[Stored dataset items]
*** Begin section ***

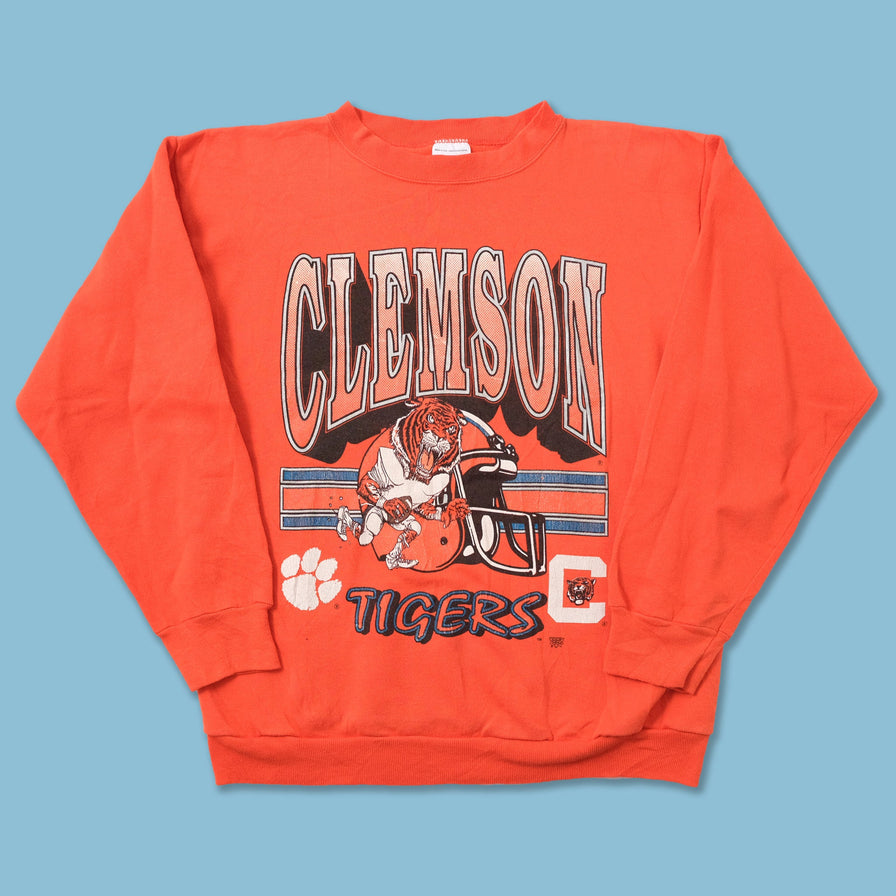 Vintage Clemson Tigers Sweater Large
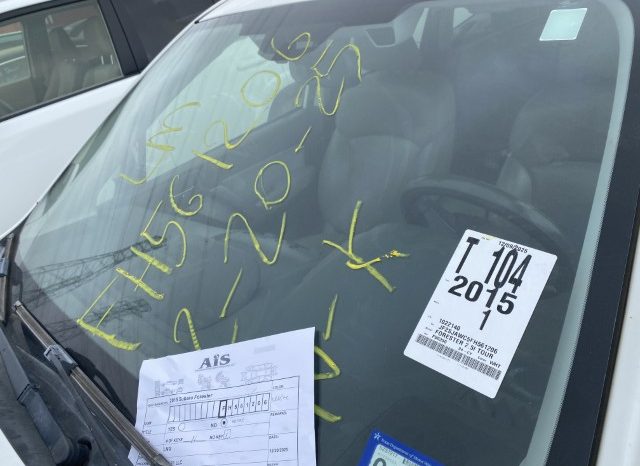 
								SUBARU Forester 2015 full									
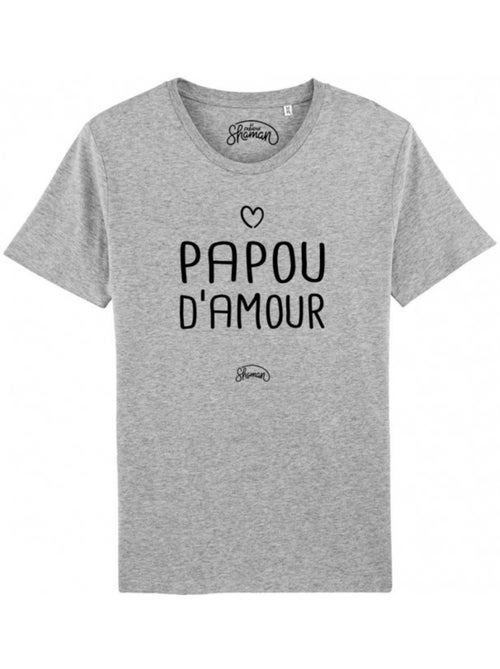T-shirt Homme - PAPOU D'AMOUR - Kiabi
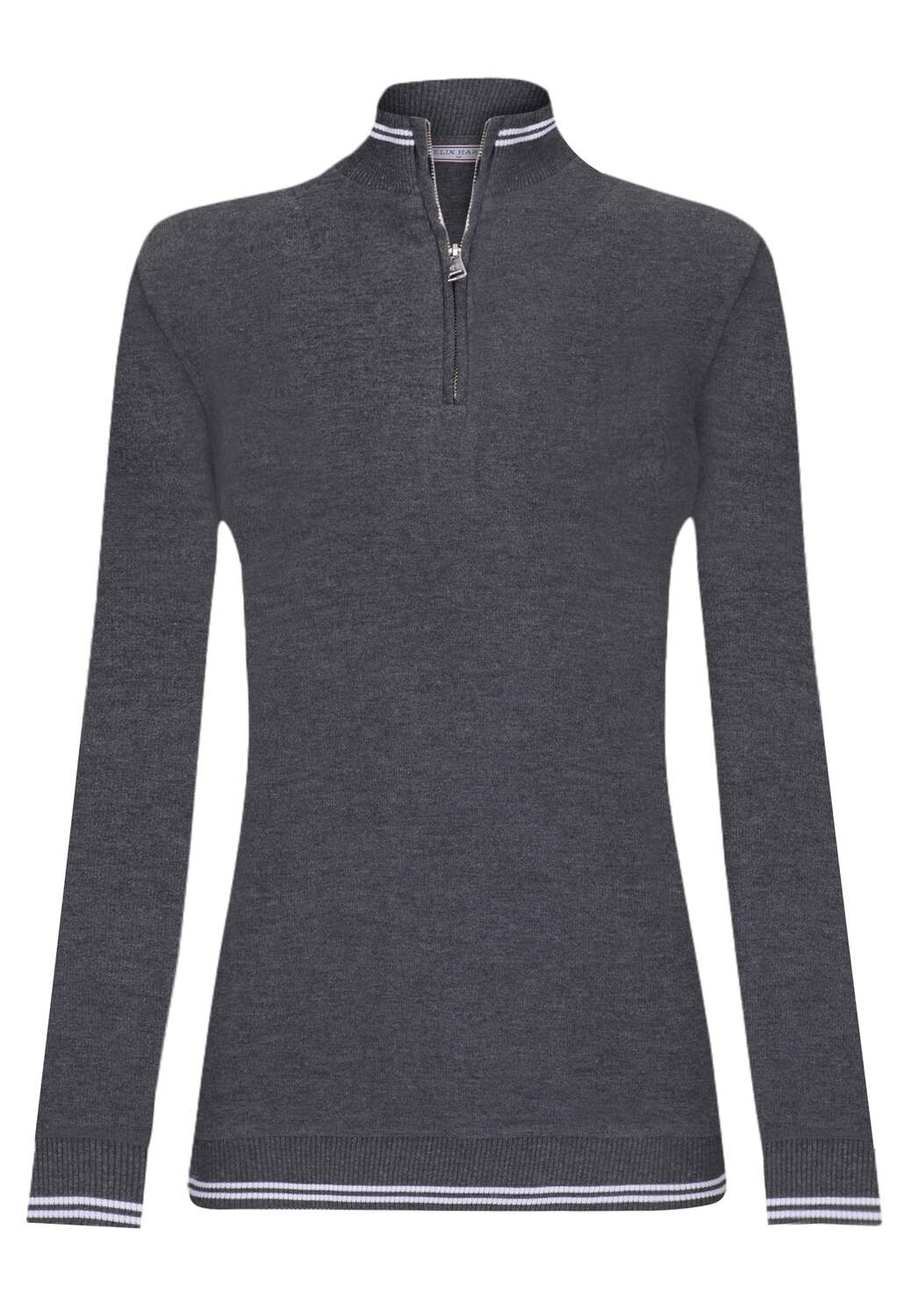 Felix Hardy Свитер в цвете антрацит
Felix Hardy Свитер в цвете антрацит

*** End section ***

**INSTRUCTIONS FOR THE TASK:** Reproduce exactly and only the lines from the one with "SUBARU Forester 2015 full" through the final line of the records above, inclusive. Pictures must be left out.

**PROBLEM SOLUTION:**
								SUBARU Forester 2015 full									
T-shirt Homme - PAPOU D'AMOUR - Kiabi
 Felix Hardy Свитер в цвете антрацит
Felix Hardy Свитер в цвете антрацит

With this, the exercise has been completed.